> **Data below**:
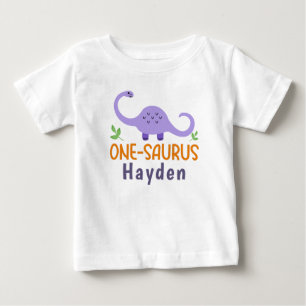 Anpassade One-saurus Dinosaur Birthday T Shirt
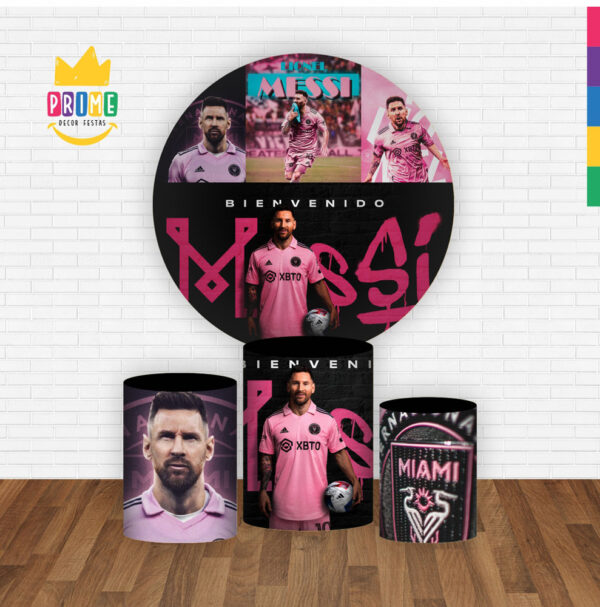Trio Capa Cilindro + Painel Redondo 3D Inter Miami Messi 1,50m Veste Fácil - Image 2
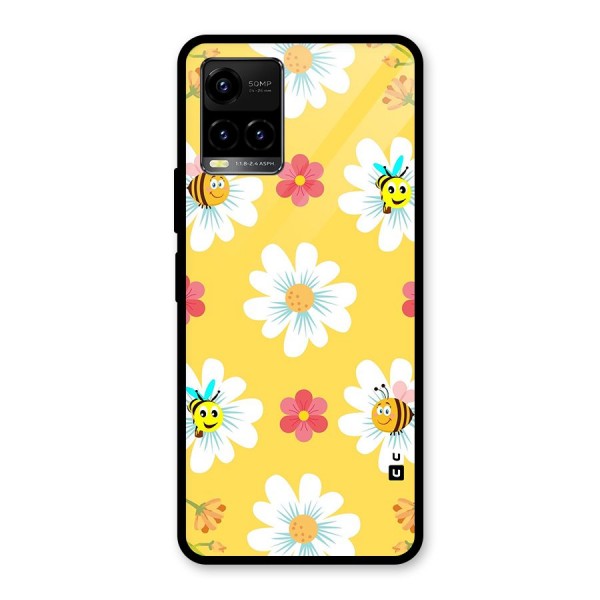 Happy Flowers Glass Back Case for Vivo Y21 2021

> **What is being asked**: Please repeat the data verbatim and leave the pictures out of your copy.

> **Finished task**:
 Anpassade One-saurus Dinosaur Birthday T Shirt
Trio Capa Cilindro + Painel Redondo 3D Inter Miami Messi 1,50m Veste Fácil - Image 2
 Happy Flowers Glass Back Case for Vivo Y21 2021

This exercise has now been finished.